Data excerpt section start
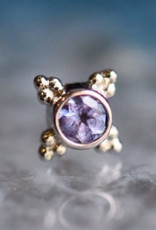 Mini Kandy with Tanzanite by BVLA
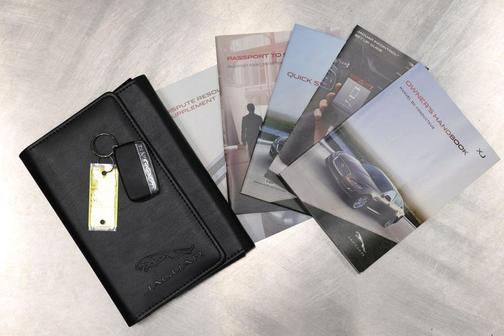 2017 Jaguar XJ XJL Portfolio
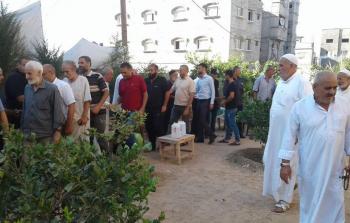 إصلاح الجهاد ترعى صلحاً عشائرياً بين عائلتي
Data excerpt section end
> [What is needed]: All of the listing above has to be reproduced exactly, though without its images.

> [Answer to this task]:
 Mini Kandy with Tanzanite by BVLA
 2017 Jaguar XJ XJL Portfolio
 إصلاح الجهاد ترعى صلحاً عشائرياً بين عائلتي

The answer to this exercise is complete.